Often you will find questions based on the law of conservation of momentum. Here is a question which may be interesting to you:

**Two skaters of masses 40 kg and 50 kg respectively are 4 m apart and are facing each other, holding the ends of a light rope. They advance by pulling on the rope, thereby reducing the separation between them. The approximate distances covered by them by the time their separation has reduced to zero are respectively**

**(a) 2.22 m and 1.78 m (b) 2 m and 2 m (c) 1.62 m and 2.38 m**

**(d) 4 m and zero (e) zero and 4 m **

The initial momentum of the system containing the two skaters is zero. The pulling forces they exert are internal forces (within the system) and hence the total momentum of the system must be zero throughout their motion. If v_{1} and v_{2} are the average velocities of the skaters respectively, we have 40 v_{1} + 50 v_{2} = 0.

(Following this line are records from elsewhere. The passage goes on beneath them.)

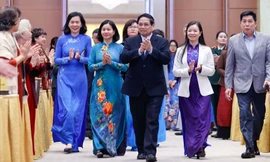 Thủ tướng gặp mặt các nữ Anh hùng Lực lượng vũ trang nhân dân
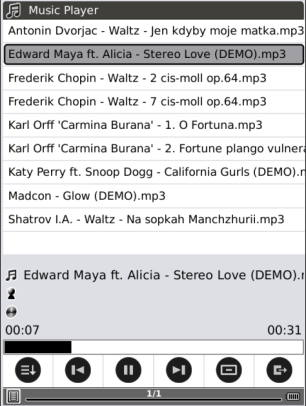 Zene A készülék az MP3 és WAV formátumokat támogatja.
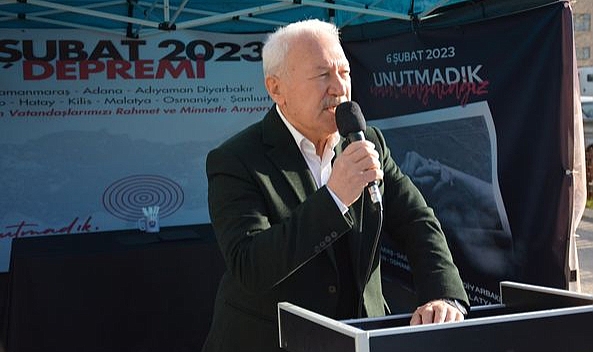Lâpseki’de, deprem felaketinin yıldönümünde anma etkinliği düzenlendi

Therefore, 40 v_{1} = – 50 v_{2}.

Since v_{1} = s_{1}/t and v_{2} = s_{2}/t where s_{1} and s_{2} are the displacements, we have

40 s_{1 }= –50 s_{2}

Considering the magnitudes of displacements, 40 s_{1} = 50 s_{2.}

Since s_{1}+ s_{2 } (which is the total *distance* covered by the two scaters) is 4 m, s_{2} = 4–s_{1} so that

40 s_{1} = 50(4–s_{1}) from which s_{1} = 2.22 m and s_{2} = 1.78 m [Option (a)]

The following MCQ is a simple one. But be careful not to be distracted to arrive at a wrong answer!

**Two spheres of the same material have radii R and 2R. They are released in free space with initial separation between their centres equal to 15R. If the only force between the spheres is the gravitational pull between them, the distance covered by the smaller sphere before collision is approximately**

**(a) 6.67R (b) 10.67R (c) 13.33R (d) ) 2.33R (e) 4.33R **

As in the previous question, the forces acting are internal forces and hence the total momentum of the system remains unchanged. The initial momentum of the system containing the two spheres is zero and hence the total momentum of the system must be zero throughout their motion.

Proceeding as before, we have m_{1}s_{1} = m_{2}s_{2} where m_{1} and m_{2} are the masses of the spheres and s_{1} and s_{2} are the distance covered by them *before collision*. But you have to be careful to note that when the spheres collide, the distance between their centres is (R+ 2R) = 3R so that the total distance covered by the spheres is 15R – 3R = 12R.

Therefore, s_{1}+s_{2}^{ }= 12R so that m_{1}s_{1} = m_{2}(12R–s_{1}).

Since the spheres are of the same material, their masses are directly proportional to their volumes which are proportional to the cubes of their radii. Therefore we have

R^{3}s_{1} = (2R)^{3}(12R–s_{1}) from which s_{1} = 10.67 R.